Table of Contents
What You’ll Build
In this mini project, you’ll create a Python program that generates random passwords for you.
By the end of this chapter, you will:
- Decide what makes a “good” password
- Design a simple password generator
- Implement it step by step
- Improve it with options (length, character types)
- Add simple checks to avoid very weak passwords
We’ll focus on putting together things you already know: variables, strings, loops, if statements, and random numbers.
Planning the Password Generator
Before writing any code, decide what your program should do.
Basic requirements
Our first version will:
- Ask the user how long the password should be (number of characters)

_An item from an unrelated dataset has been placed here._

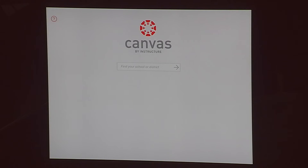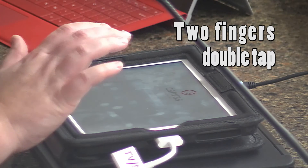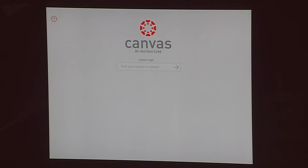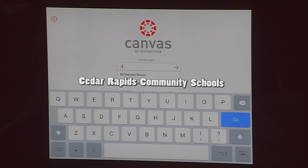When you get to this initial login screen, take two fingers and double tap. When the Canvas login right above the search bubble comes up, you can type in Cedar Rapids. You're searching for Cedar Rapids Community School District.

- Generate a random password of that length
- Show the password to the user
We’ll start simple: letters (both lowercase and uppercase) and digits.
So a password might look like:
aX9pT3L0ngPa55w0rdmQ4z2H1x
Later, we’ll add:
- Special characters like
!@#$%&*? - Checks for minimum length
- Options to choose what kinds of characters to include
Choosing Characters for the Password
A password is just a string made from a set of allowed characters.
Character sets
We can define some character sets as strings:
lowercase = "abcdefghijklmnopqrstuvwxyz"
uppercase = "ABCDEFGHIJKLMNOPQRSTUVWXYZ"
digits = "0123456789"
symbols = "!@#$%&*?"To build our pool of possible characters, we can combine strings:
all_chars = lowercase + uppercase + digits
Now all_chars contains all the characters we might use in our password.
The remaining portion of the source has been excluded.